APSN Banner

Rights groups appeal for US-based activist in Indonesia

Source
Agence France Presse - August 15, 2000

Washington – Human rights groups on Tuesday voiced deep concern over the fate of a New York-based activist missing in Indonesia's Aceh province, and demanded more action from US officials on his case.

Jafar Siddiq Hamzah, a permanent resident of the United States and director of the New York-based International Forum on Aceh (AFA), vanished in the city of Medan on August 5.

His friends say they fear he may have been kidnapped because of his vocal campaign against killings and torture in Aceh, which has been consumed by violence linked to a drive for independence.

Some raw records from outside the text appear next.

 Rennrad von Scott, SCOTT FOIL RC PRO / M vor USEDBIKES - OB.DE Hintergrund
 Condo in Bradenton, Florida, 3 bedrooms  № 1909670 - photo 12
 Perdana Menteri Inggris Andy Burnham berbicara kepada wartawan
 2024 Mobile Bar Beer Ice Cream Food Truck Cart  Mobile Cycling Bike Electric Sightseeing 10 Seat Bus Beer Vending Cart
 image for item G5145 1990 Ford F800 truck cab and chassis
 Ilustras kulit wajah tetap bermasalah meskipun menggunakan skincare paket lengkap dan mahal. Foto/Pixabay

"We are not hopeful, we cannot say we are optimistic," said John Miller of the US-based East Timor Action Network, which has worked closely with Hamzah. "Frankly we believe the military is responsible," he added.

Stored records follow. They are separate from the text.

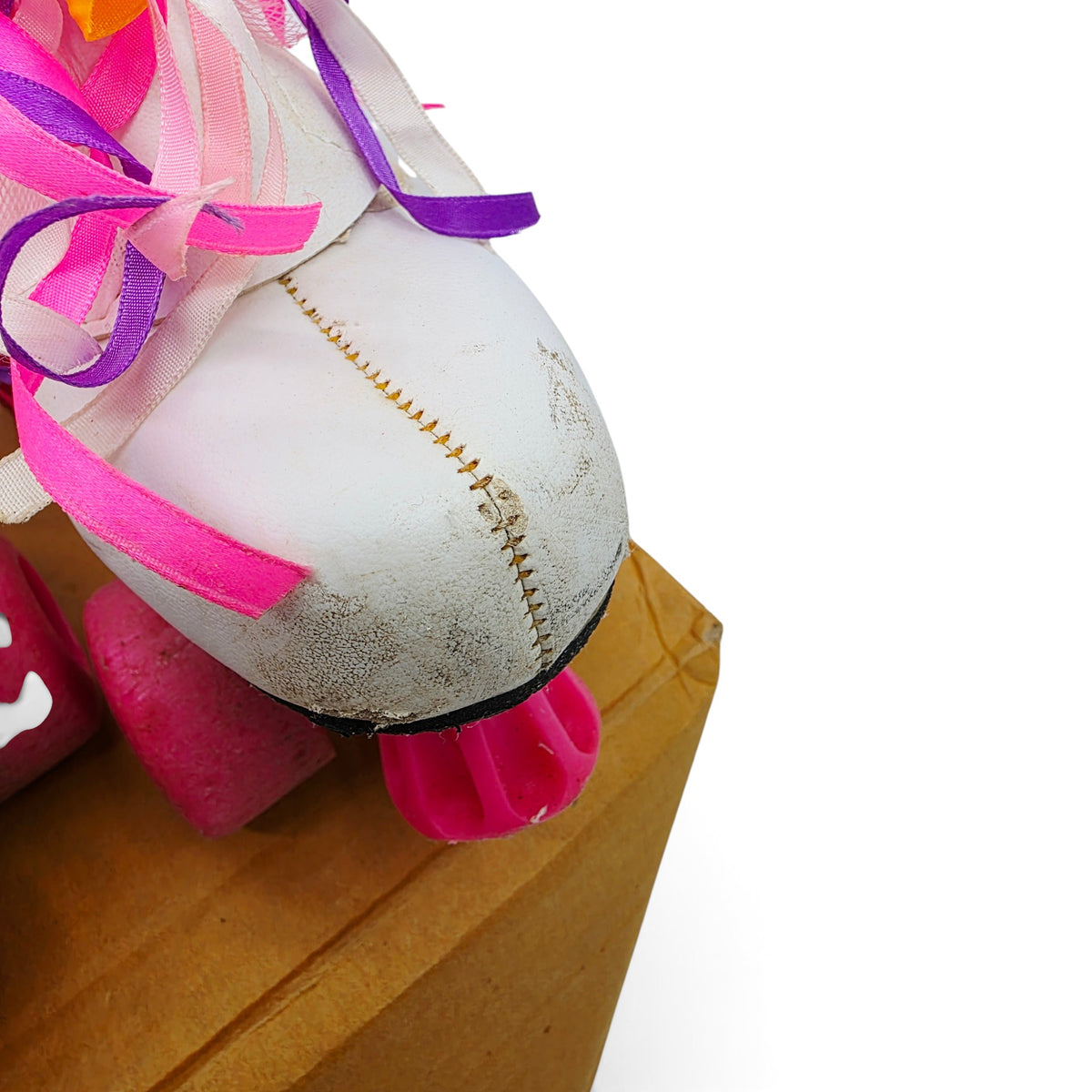 1991 Barbie Roller Skates (Kids Size 4) Close-up 2 view
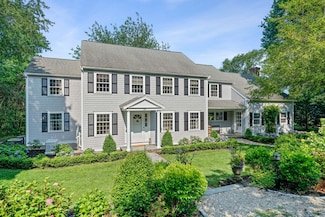 56 Chapel St, Duxbury, MA 02332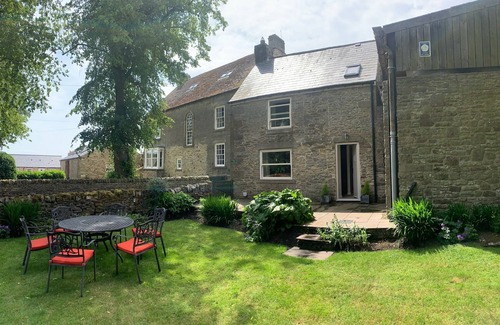 Tow Law Cottage | A cosy rural retreat in a picturesque village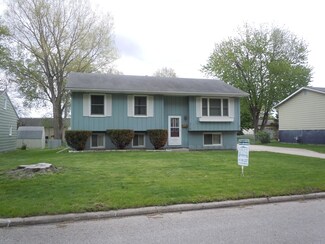 715 18th St, Nevada, IA 50201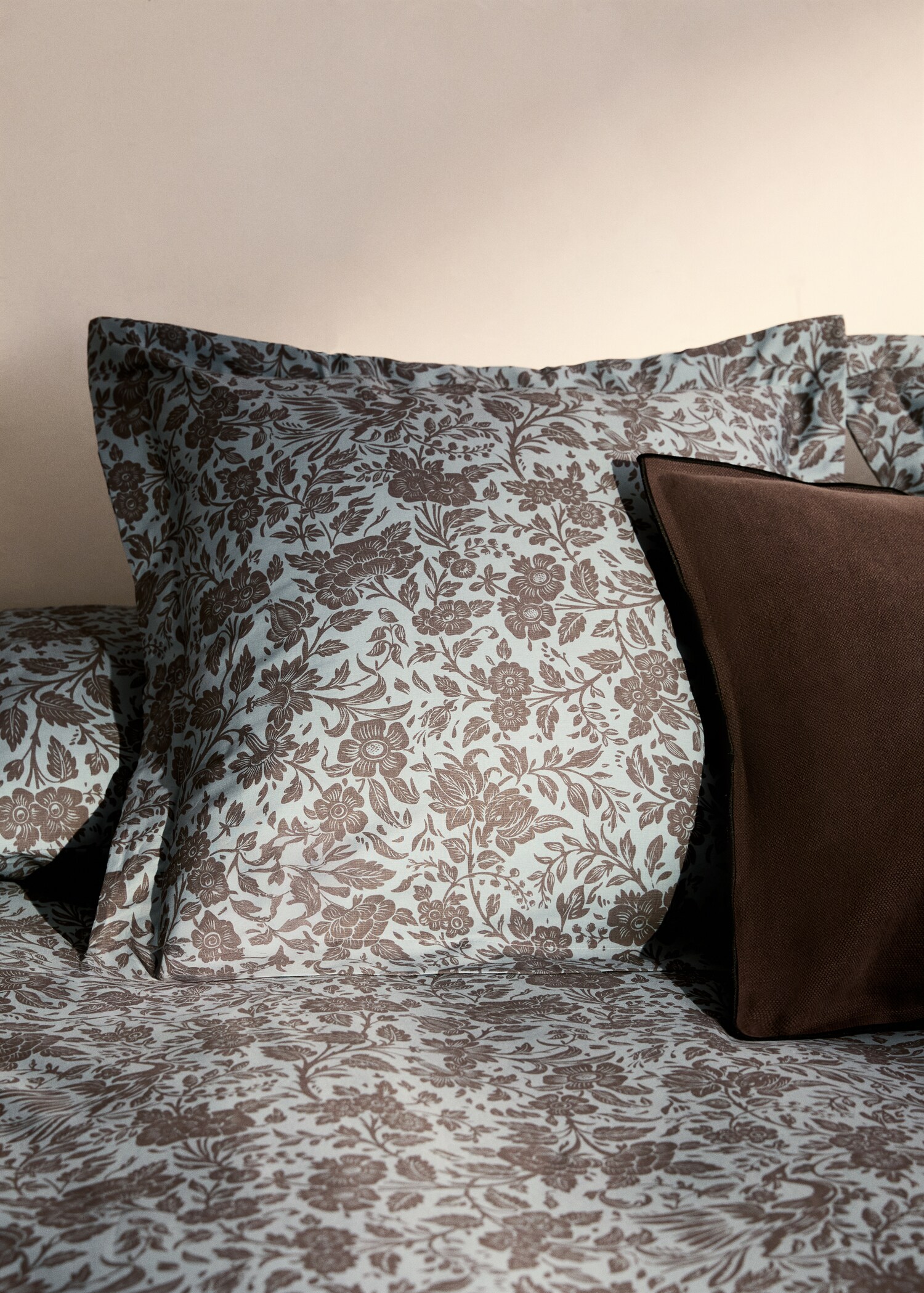 Percale cotton two-tone floral-print duvet cover King bed - Details of the article 7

Senior officers have denied abducting Hamzah, but human rights groups here put little credence in their claims of innocence. "In the past, military denials have meant absolutely nothing," said Sidney Jones, Executive Director of Human Rights Watch Asia in New York. "We don't have the sense that the military is using its various contacts to find out where Jafar is."

The United States has expressed concern over Hamzah's disappearance and diplomats in Jakarta have been meeting Indonesian officials to try to trace him. But Miller called on the US government to do more, saying an expression of concern was needed from Secretary of State Madeleine Albright.

"We would argue that the United States should take it up a notch or two diplomatically," he said. "They need to say something much clearer out of Washington itself."

A State Department official said Tuesday that Washington had been "making queries" over Hamzah's welfare. "We continue to press them," he said.

Hamzah, a native of Lhokseumawe in North Aceh, campaigns for the redress of massive human rights abuses during 10 years of military operations against the Free Aceh (GAM) separatist rebel movement.

A student and part-time taxi driver, he left New York for Aceh in late June to set up the Support Committee of Human Rights for Aceh (SCHRA). The GAM has been fighting for an independent Islamic Aceh state since 1976 and more than 5,000 people have been killed in the fighting over the past decade.